EXERCISE GOAL >>
Look below for the line with "imagem DJ - SMOOTH"; begin the copy there and stop after the line with "GK TURQUOISE FOIL", keeping the text exact and the pictures out.

AVAILABLE DATA >>

**********

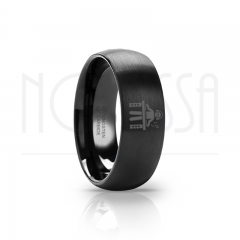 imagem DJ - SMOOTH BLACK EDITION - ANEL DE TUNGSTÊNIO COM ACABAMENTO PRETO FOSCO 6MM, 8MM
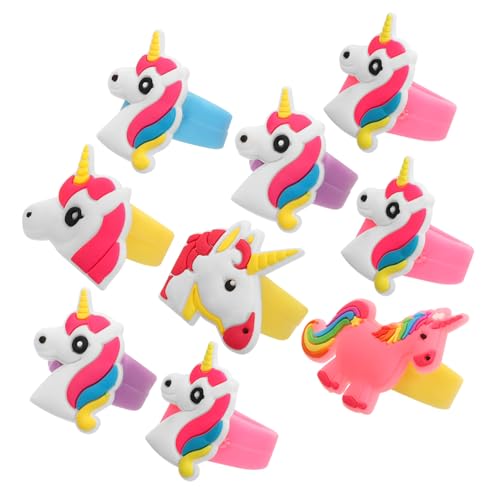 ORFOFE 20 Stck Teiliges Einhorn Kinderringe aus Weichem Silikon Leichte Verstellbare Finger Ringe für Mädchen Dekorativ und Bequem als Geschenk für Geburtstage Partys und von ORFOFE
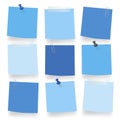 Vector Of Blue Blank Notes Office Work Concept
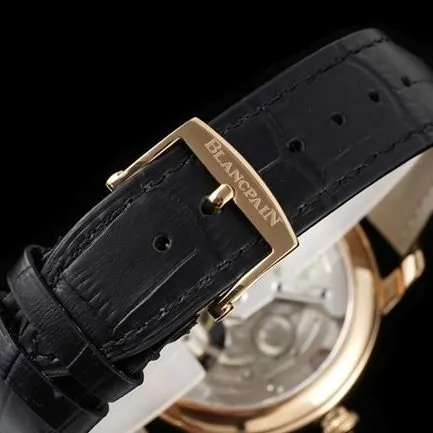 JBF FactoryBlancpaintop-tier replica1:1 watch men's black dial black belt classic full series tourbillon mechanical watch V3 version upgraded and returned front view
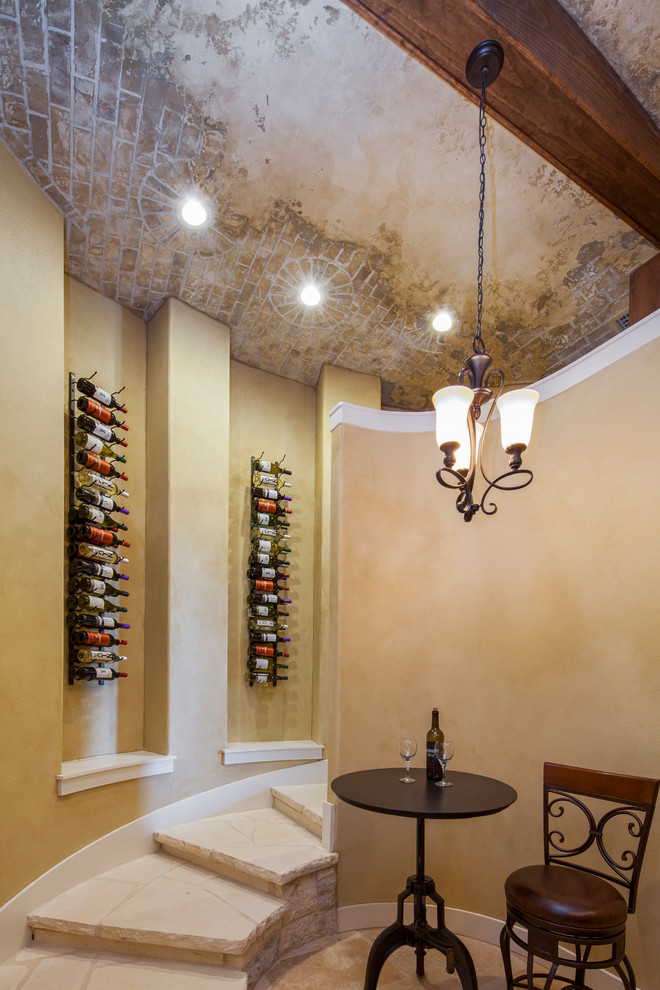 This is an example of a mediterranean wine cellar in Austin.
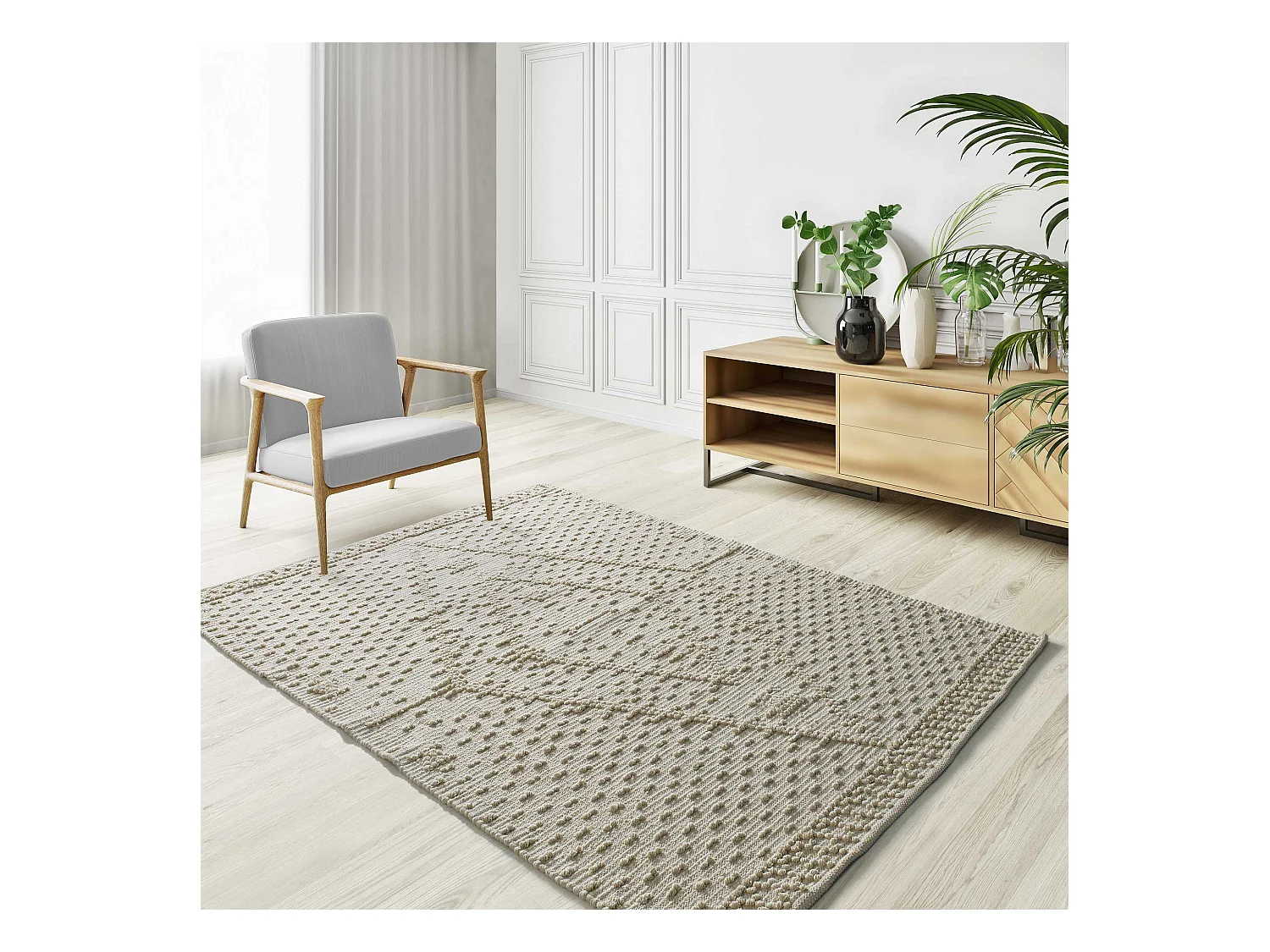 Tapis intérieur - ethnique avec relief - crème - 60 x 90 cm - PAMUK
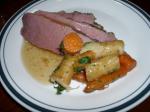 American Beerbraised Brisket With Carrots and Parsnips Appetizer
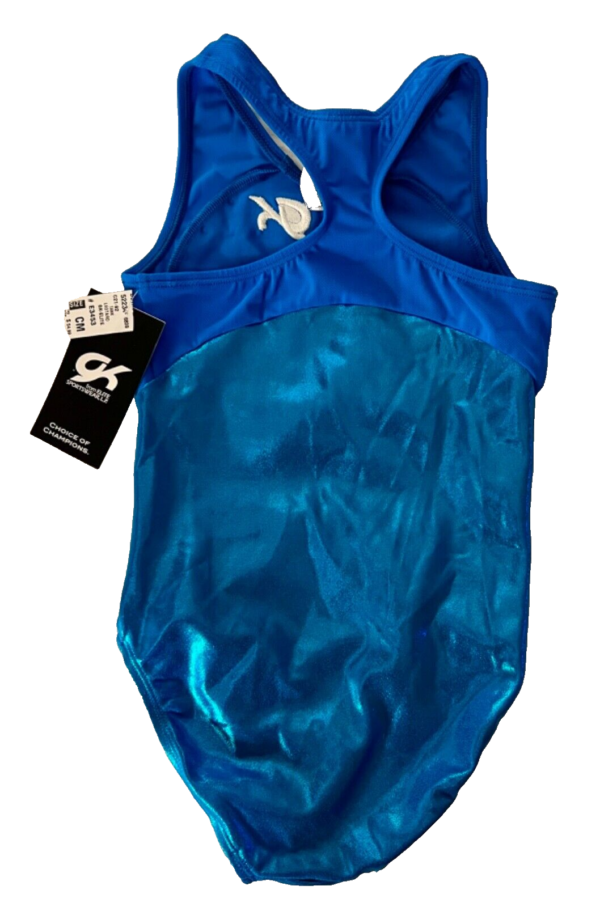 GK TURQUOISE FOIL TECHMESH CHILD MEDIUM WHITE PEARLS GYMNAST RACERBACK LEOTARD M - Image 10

**********

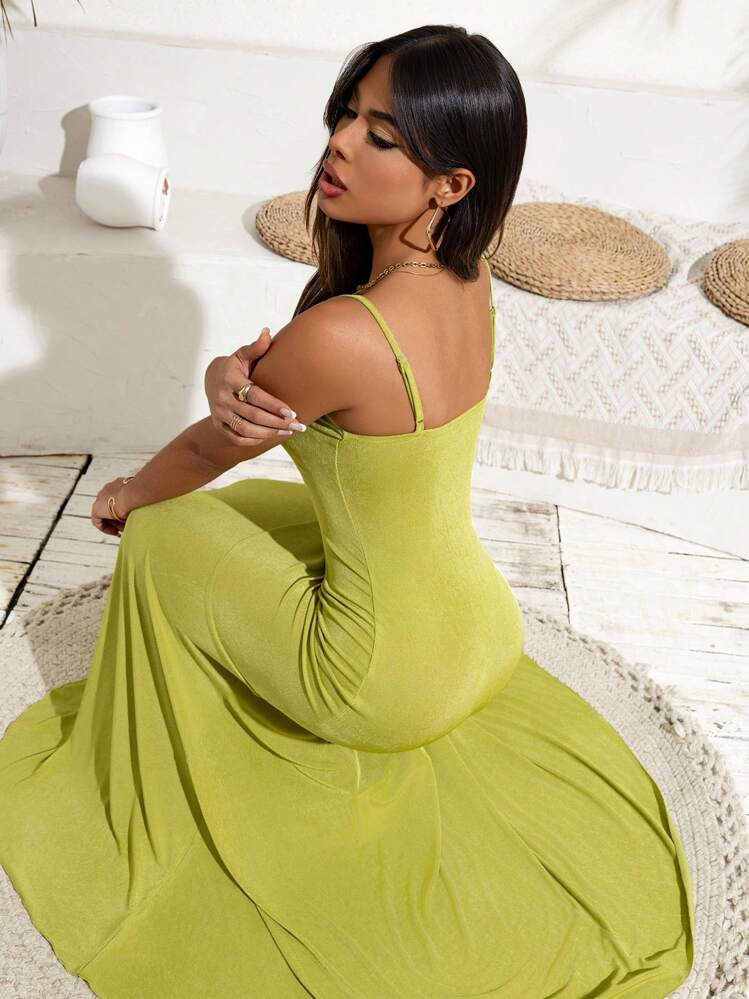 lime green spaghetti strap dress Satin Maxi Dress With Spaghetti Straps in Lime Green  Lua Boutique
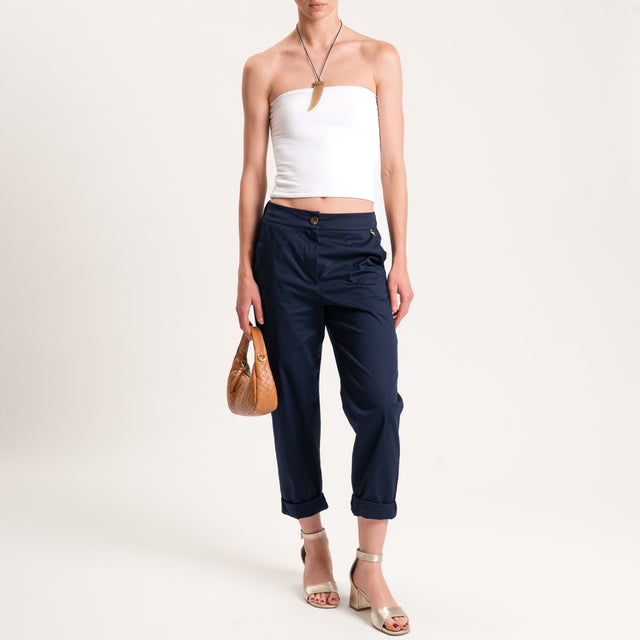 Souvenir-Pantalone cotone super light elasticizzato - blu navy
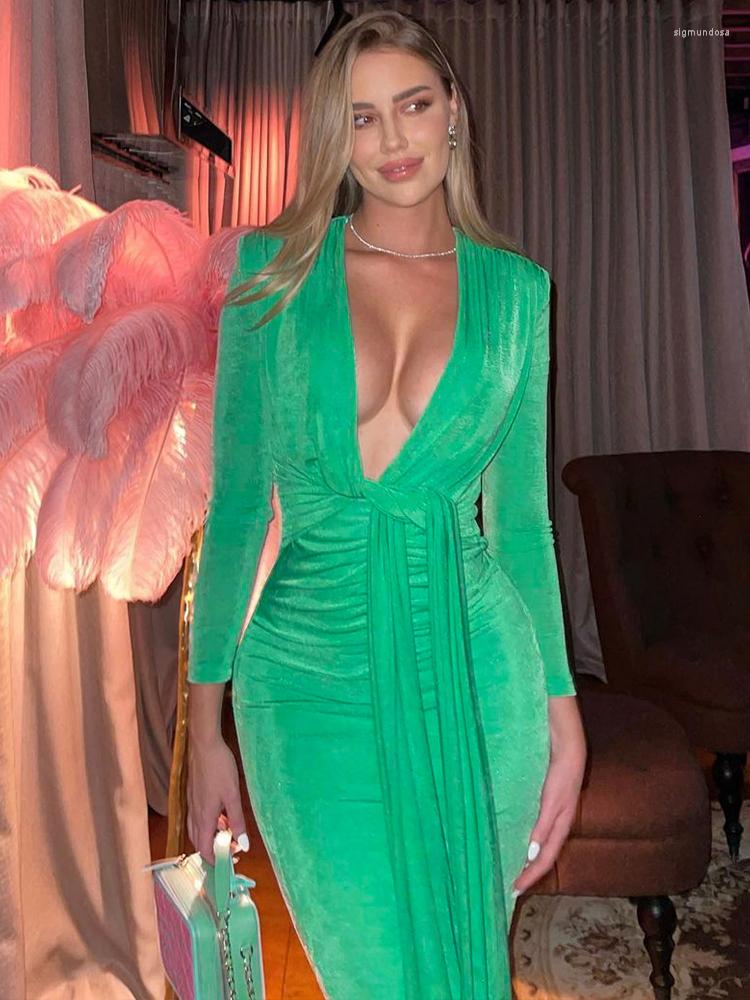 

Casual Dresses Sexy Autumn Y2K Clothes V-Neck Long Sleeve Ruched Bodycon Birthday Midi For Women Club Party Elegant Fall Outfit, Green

**********

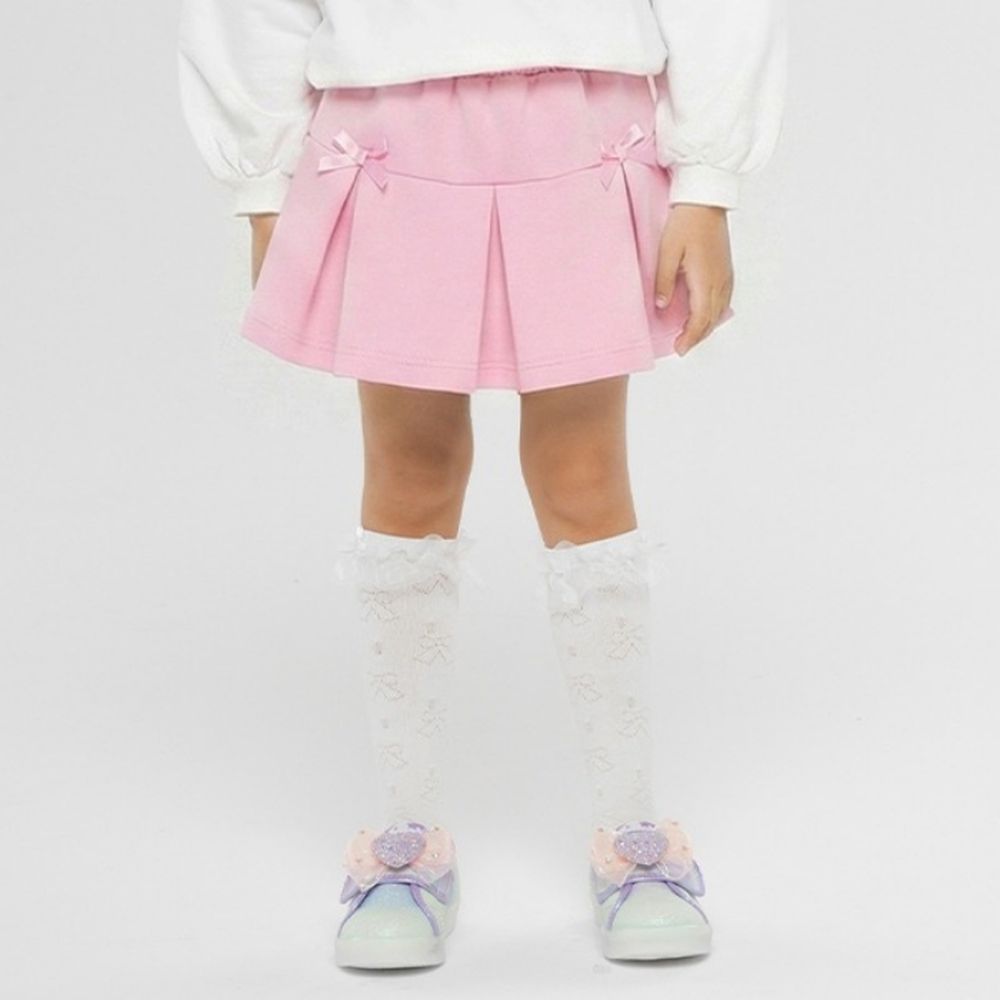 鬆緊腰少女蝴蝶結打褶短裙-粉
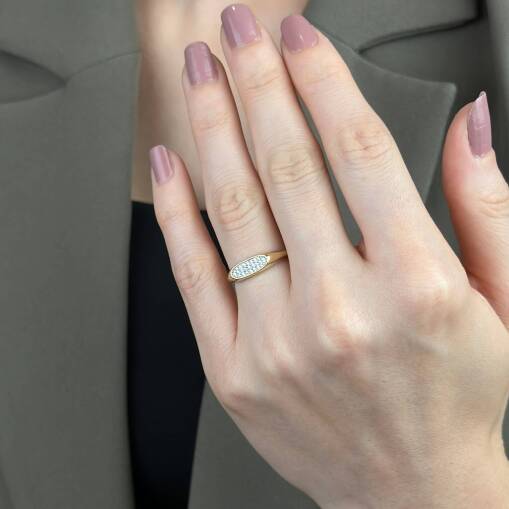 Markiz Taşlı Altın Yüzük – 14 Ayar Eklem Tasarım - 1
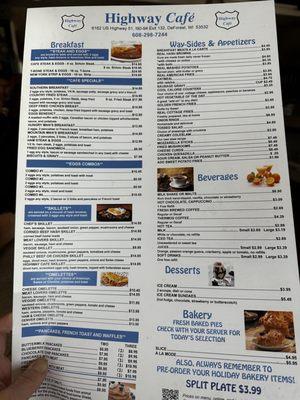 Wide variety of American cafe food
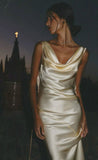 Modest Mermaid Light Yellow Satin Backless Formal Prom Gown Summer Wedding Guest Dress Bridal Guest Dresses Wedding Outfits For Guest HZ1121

**********

ANSWER SPACE >>
 imagem DJ - SMOOTH BLACK EDITION - ANEL DE TUNGSTÊNIO COM ACABAMENTO PRETO FOSCO 6MM, 8MM
 ORFOFE 20 Stck Teiliges Einhorn Kinderringe aus Weichem Silikon Leichte Verstellbare Finger Ringe für Mädchen Dekorativ und Bequem als Geschenk für Geburtstage Partys und von ORFOFE
 Vector Of Blue Blank Notes Office Work Concept
 JBF FactoryBlancpaintop-tier replica1:1 watch men's black dial black belt classic full series tourbillon mechanical watch V3 version upgraded and returned front view
 This is an example of a mediterranean wine cellar in Austin.
 Tapis intérieur - ethnique avec relief - crème - 60 x 90 cm - PAMUK
 American Beerbraised Brisket With Carrots and Parsnips Appetizer
 GK TURQUOISE FOIL TECHMESH CHILD MEDIUM WHITE PEARLS GYMNAST RACERBACK LEOTARD M - Image 10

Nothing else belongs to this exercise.